2022 Jul 11, 5:28pm   27,058 views  322 comments

by GreaterNYCDude   follow (2)  

I've been thinking about this off and on lately, and there's been some recent threads related to the topic, so I figure I'll set up a separate thread.

Until the 16th ammendment was passed in the early 1900's, we got by without fedetal income taxes. Tariffs did the trick. Of course, we were not yet the superpower we became, huge millitary and all, and there were not nearly the federally funded social programs we have today.

Frankly, I don't think your average American realizes how heavily they are taxed. Federal. State (with some excaptions) Property. School. Gas. Sales. Etc.

For most in the middle and upper middle class, federal income tax is the biggest share of taxes paid on a percentage basis.

In a modern captalist economy, it makes more sense to me to tax consumption rather than income.

So why not abolish the federal income tax, and instead have a federal tax on goods and services rendered. Better yet, couple it with a balanced budget amment so that the government can't spend money they don't have.

Taxing goods should be straightforward to implement. Buy a bag of rice, clothes, a house, a car, stock, etc. tax it at a nominal rate to raise sufficent revenue to keep the government running.
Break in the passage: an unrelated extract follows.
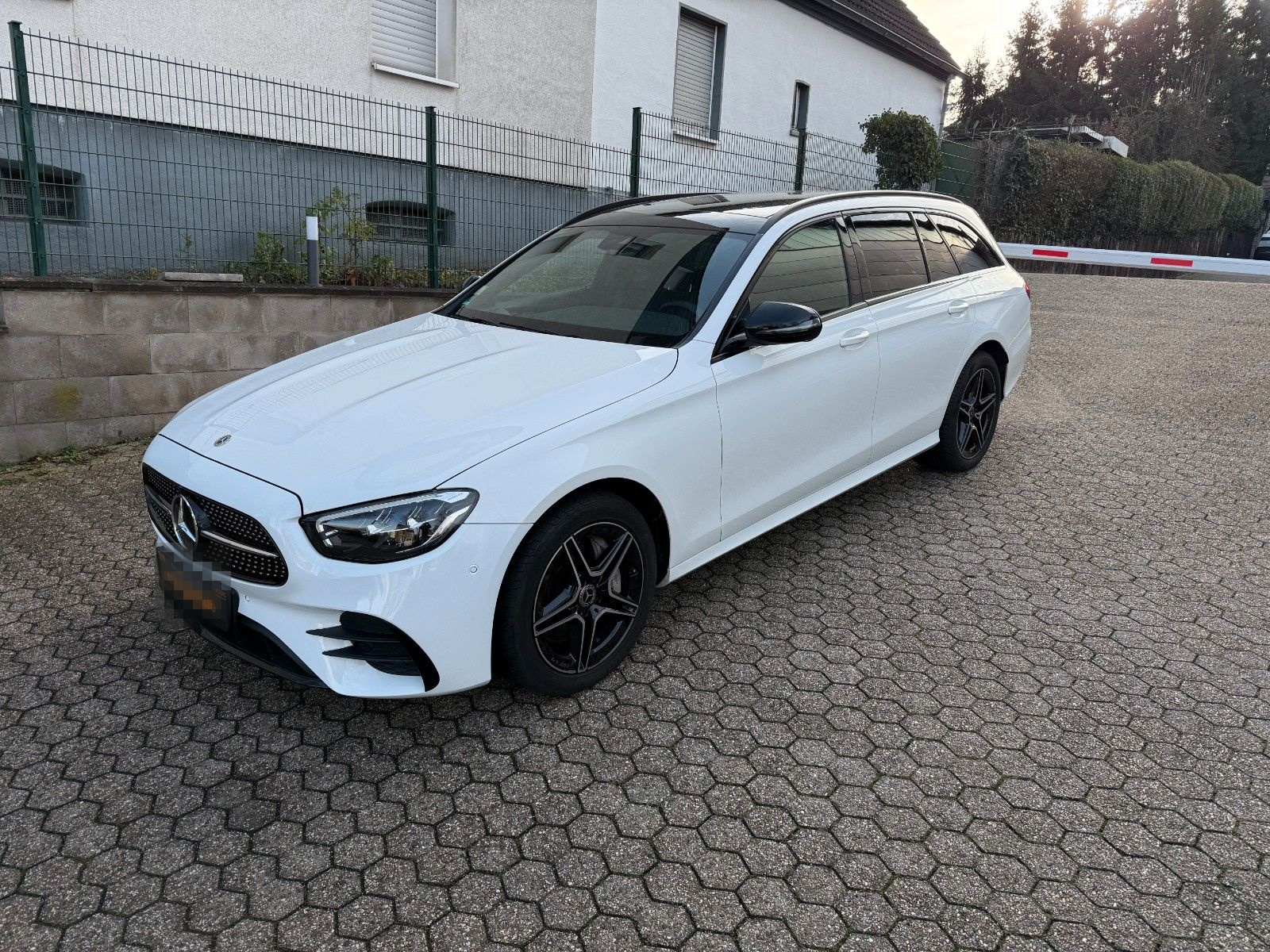 Mercedes-Benz E 300 de 4Matic    AMG SPORT PAKET foto 9
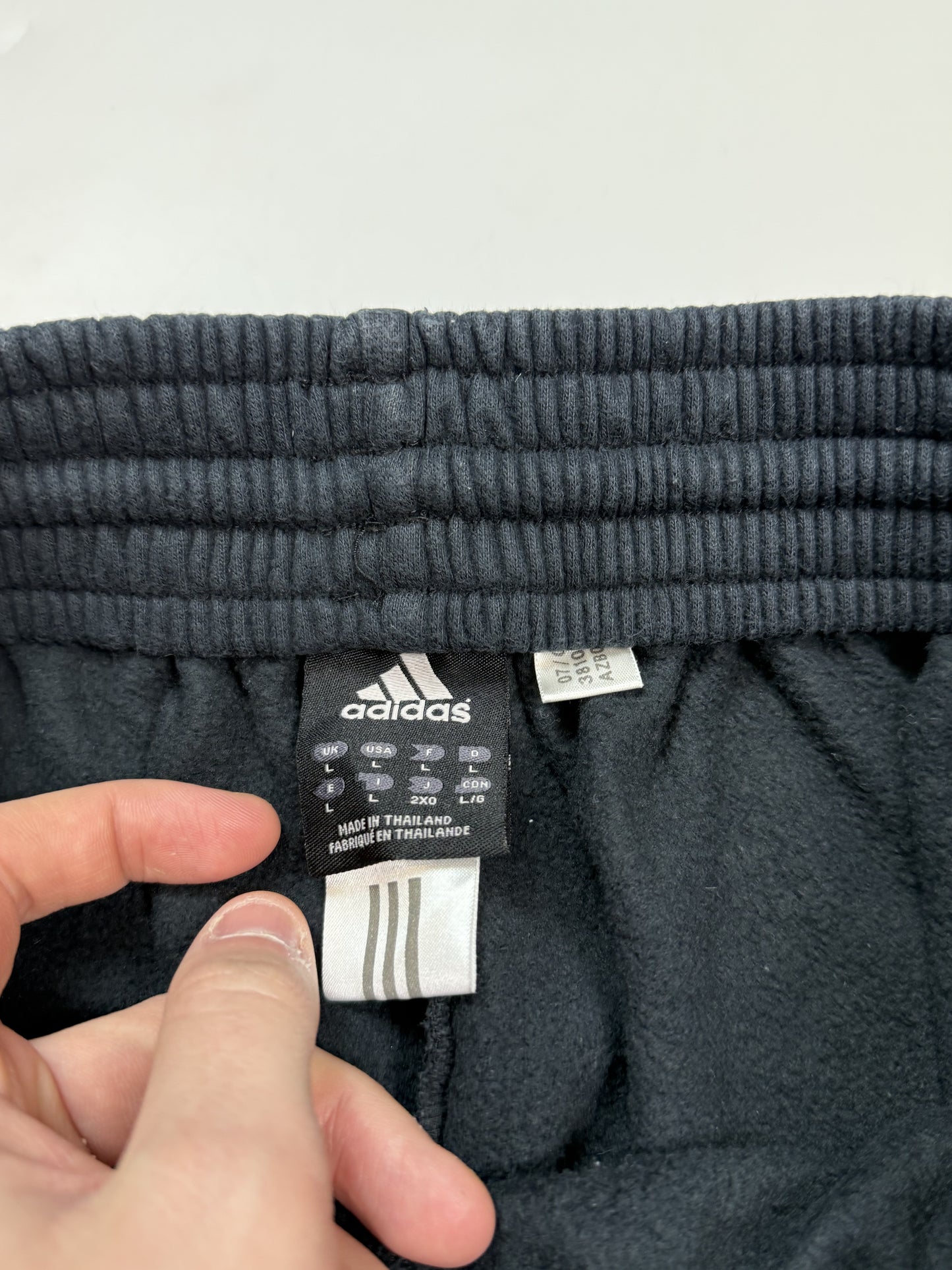 Vintage Adidas baggy joggers (L)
Tax should apply to individuals and corporations alike. I have no idea what the rate would need to be to replace the lost income income revenue, but there must be a way for the been counters to figure that out.

Same holds for services. From your lawyer to your plumber to your accountant.. services rendered should also be taxed... possibly at a different rate than physical goods, since we are a "service based economy".

Just thinking out loud here.. In the 21st century there MUST be a better way to raise revenue than income tax and the various loopholes used to reduce or even avoid ones tax burden.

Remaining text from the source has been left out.